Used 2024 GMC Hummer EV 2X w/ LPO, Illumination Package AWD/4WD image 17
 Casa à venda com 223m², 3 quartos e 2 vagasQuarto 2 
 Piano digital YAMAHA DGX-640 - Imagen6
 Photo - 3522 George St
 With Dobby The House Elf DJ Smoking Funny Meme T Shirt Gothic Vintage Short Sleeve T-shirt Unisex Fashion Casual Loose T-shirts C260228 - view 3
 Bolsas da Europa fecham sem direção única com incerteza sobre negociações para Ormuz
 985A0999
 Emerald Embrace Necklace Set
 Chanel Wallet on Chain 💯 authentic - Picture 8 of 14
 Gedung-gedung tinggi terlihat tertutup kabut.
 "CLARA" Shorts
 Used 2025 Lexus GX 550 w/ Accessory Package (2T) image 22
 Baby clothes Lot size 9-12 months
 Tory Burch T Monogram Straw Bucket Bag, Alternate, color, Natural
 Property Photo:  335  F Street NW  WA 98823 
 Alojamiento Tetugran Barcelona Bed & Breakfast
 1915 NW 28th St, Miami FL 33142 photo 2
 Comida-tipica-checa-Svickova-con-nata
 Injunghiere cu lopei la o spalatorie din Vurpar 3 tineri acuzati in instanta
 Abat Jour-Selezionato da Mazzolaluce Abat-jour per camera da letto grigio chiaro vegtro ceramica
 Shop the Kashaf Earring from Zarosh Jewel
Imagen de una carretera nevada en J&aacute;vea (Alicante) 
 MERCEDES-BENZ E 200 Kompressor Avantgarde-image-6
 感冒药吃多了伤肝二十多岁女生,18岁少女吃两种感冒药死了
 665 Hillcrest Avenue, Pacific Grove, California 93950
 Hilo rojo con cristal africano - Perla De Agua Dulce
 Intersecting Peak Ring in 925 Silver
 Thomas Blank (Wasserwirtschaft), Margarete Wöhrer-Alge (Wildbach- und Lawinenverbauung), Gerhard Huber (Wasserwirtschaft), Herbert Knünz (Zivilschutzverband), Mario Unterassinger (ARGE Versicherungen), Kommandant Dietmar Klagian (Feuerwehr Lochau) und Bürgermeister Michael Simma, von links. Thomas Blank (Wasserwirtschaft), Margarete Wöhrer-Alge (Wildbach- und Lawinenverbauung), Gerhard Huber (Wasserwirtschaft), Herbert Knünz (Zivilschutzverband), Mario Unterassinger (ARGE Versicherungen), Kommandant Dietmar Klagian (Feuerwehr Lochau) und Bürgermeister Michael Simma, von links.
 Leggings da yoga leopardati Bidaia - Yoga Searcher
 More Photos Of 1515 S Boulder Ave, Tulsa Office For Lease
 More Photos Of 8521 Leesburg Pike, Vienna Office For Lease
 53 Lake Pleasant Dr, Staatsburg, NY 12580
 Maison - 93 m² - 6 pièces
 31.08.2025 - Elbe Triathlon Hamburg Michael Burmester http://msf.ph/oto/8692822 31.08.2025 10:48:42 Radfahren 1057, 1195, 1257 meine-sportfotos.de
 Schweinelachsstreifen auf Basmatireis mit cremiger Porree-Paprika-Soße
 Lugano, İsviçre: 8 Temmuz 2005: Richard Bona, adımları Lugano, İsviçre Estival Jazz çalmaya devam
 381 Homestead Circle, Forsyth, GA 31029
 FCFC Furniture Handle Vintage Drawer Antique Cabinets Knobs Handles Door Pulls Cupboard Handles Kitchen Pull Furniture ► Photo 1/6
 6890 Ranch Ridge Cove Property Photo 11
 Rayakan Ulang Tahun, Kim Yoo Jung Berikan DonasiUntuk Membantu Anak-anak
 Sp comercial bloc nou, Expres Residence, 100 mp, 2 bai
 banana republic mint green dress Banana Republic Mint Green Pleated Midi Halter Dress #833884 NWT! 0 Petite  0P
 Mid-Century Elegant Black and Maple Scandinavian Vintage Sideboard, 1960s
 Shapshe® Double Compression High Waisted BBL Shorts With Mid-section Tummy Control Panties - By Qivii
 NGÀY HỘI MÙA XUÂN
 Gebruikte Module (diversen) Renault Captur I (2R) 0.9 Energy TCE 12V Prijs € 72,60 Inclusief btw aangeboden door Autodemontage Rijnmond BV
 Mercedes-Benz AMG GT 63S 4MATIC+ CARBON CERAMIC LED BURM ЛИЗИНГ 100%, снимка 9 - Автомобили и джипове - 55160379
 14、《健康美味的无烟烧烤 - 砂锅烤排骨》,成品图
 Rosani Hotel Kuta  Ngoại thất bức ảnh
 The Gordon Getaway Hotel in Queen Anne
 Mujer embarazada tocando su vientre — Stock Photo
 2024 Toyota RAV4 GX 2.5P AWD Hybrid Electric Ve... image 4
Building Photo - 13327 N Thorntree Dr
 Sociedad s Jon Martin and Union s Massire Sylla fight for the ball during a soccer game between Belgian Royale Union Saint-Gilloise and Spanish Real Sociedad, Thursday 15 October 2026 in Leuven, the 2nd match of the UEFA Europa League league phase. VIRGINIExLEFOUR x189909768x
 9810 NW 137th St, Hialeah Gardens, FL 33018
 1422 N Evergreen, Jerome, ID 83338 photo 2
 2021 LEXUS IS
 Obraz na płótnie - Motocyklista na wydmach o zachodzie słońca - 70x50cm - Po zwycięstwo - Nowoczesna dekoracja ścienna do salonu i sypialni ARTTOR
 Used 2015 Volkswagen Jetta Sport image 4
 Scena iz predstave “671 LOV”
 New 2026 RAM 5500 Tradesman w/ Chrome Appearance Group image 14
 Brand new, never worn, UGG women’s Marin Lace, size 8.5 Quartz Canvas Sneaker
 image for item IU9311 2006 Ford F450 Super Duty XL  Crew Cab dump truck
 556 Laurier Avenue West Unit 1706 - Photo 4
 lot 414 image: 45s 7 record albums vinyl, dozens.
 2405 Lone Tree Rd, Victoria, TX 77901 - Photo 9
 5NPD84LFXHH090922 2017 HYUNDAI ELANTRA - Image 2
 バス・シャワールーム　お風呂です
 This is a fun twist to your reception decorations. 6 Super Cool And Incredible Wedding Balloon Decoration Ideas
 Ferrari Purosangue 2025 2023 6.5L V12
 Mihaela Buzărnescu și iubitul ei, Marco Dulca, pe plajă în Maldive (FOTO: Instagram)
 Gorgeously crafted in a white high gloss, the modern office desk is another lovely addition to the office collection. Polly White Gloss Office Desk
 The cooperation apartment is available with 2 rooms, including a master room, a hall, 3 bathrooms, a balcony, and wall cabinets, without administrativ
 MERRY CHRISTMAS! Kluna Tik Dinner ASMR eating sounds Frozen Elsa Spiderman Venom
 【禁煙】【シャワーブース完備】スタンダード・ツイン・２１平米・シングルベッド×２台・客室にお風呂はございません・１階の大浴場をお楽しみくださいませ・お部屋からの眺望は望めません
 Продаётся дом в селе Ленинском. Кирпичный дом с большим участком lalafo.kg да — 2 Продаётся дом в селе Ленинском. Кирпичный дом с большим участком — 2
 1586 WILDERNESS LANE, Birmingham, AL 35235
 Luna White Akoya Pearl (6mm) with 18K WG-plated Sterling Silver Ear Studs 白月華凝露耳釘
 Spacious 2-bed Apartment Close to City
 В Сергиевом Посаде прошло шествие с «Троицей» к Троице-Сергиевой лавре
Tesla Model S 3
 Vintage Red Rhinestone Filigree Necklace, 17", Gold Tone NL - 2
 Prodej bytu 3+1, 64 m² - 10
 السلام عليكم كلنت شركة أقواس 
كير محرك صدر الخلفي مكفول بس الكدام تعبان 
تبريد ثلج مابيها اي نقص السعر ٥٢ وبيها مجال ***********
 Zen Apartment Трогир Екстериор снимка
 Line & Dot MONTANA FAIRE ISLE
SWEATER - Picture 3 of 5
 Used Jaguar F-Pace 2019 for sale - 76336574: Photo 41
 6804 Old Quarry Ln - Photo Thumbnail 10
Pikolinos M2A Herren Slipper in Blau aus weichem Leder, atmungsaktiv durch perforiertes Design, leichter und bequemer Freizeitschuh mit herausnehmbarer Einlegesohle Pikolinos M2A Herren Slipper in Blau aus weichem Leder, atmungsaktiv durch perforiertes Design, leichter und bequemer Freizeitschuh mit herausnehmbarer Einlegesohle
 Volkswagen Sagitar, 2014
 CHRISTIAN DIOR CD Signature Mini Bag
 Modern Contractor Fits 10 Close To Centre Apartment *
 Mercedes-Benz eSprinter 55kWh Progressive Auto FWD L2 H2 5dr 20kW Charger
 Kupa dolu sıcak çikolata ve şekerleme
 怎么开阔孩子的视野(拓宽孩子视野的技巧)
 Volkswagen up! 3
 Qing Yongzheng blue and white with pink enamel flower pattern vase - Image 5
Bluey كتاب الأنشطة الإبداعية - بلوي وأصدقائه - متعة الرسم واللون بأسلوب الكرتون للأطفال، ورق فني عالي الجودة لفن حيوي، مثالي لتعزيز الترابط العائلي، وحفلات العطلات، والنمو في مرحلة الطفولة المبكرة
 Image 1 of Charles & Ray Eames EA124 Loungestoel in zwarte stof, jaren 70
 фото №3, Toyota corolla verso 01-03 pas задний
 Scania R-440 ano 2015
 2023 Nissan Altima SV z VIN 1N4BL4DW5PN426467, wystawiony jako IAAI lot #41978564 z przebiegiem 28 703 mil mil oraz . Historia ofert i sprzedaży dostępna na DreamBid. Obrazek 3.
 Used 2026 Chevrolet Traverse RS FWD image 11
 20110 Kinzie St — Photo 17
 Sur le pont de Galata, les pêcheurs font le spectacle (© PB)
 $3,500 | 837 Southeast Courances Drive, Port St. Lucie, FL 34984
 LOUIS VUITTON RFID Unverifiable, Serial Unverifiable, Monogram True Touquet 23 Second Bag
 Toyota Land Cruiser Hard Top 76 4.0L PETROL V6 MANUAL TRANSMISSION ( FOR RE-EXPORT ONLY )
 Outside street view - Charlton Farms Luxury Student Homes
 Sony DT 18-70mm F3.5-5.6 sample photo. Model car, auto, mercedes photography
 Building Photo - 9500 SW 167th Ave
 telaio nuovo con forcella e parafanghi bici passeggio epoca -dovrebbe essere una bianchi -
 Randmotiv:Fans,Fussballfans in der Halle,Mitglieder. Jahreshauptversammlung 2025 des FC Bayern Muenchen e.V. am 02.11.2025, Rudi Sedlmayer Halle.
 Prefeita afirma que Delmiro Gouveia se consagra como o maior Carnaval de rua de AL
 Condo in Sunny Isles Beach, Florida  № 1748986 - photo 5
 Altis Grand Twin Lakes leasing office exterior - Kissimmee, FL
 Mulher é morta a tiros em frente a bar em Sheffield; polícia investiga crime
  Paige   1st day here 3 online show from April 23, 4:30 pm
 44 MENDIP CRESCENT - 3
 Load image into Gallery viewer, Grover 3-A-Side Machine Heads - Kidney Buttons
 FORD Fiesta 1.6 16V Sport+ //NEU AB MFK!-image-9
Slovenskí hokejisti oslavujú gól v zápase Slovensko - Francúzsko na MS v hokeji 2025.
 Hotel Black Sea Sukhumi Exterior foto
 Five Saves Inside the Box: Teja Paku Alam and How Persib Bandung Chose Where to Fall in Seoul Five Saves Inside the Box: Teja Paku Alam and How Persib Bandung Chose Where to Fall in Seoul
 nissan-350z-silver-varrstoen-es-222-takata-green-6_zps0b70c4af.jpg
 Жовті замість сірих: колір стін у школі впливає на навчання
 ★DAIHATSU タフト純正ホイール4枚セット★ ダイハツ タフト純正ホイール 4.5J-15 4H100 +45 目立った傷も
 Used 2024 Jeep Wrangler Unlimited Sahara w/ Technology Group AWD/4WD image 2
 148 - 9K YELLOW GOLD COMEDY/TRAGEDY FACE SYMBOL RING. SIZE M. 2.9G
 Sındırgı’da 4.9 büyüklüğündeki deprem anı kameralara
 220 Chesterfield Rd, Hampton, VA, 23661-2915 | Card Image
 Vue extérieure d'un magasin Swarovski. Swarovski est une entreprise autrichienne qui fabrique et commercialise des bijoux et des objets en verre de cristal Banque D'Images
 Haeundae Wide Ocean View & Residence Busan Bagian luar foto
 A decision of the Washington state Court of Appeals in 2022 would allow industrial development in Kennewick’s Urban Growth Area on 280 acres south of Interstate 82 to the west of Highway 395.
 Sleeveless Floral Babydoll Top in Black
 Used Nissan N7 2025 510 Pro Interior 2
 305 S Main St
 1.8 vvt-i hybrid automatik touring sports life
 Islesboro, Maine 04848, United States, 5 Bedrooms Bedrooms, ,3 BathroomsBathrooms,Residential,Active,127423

□ □ □ □

» Task brief:
Only the lines above from the one with "FCFC Furniture Handle" up to and including the one with "image for item" should be repeated, exactly as written.

» Task answer:
 FCFC Furniture Handle Vintage Drawer Antique Cabinets Knobs Handles Door Pulls Cupboard Handles Kitchen Pull Furniture ► Photo 1/6
 6890 Ranch Ridge Cove Property Photo 11
 Rayakan Ulang Tahun, Kim Yoo Jung Berikan DonasiUntuk Membantu Anak-anak
 Sp comercial bloc nou, Expres Residence, 100 mp, 2 bai
 banana republic mint green dress Banana Republic Mint Green Pleated Midi Halter Dress #833884 NWT! 0 Petite  0P
 Mid-Century Elegant Black and Maple Scandinavian Vintage Sideboard, 1960s
 Shapshe® Double Compression High Waisted BBL Shorts With Mid-section Tummy Control Panties - By Qivii
 NGÀY HỘI MÙA XUÂN
 Gebruikte Module (diversen) Renault Captur I (2R) 0.9 Energy TCE 12V Prijs € 72,60 Inclusief btw aangeboden door Autodemontage Rijnmond BV
 Mercedes-Benz AMG GT 63S 4MATIC+ CARBON CERAMIC LED BURM ЛИЗИНГ 100%, снимка 9 - Автомобили и джипове - 55160379
 14、《健康美味的无烟烧烤 - 砂锅烤排骨》,成品图
 Rosani Hotel Kuta  Ngoại thất bức ảnh
 The Gordon Getaway Hotel in Queen Anne
 Mujer embarazada tocando su vientre — Stock Photo
 2024 Toyota RAV4 GX 2.5P AWD Hybrid Electric Ve... image 4
Building Photo - 13327 N Thorntree Dr
 Sociedad s Jon Martin and Union s Massire Sylla fight for the ball during a soccer game between Belgian Royale Union Saint-Gilloise and Spanish Real Sociedad, Thursday 15 October 2026 in Leuven, the 2nd match of the UEFA Europa League league phase. VIRGINIExLEFOUR x189909768x
 9810 NW 137th St, Hialeah Gardens, FL 33018
 1422 N Evergreen, Jerome, ID 83338 photo 2
 2021 LEXUS IS
 Obraz na płótnie - Motocyklista na wydmach o zachodzie słońca - 70x50cm - Po zwycięstwo - Nowoczesna dekoracja ścienna do salonu i sypialni ARTTOR
 Used 2015 Volkswagen Jetta Sport image 4
 Scena iz predstave “671 LOV”
 New 2026 RAM 5500 Tradesman w/ Chrome Appearance Group image 14
 Brand new, never worn, UGG women’s Marin Lace, size 8.5 Quartz Canvas Sneaker
 image for item IU9311 2006 Ford F450 Super Duty XL  Crew Cab dump truck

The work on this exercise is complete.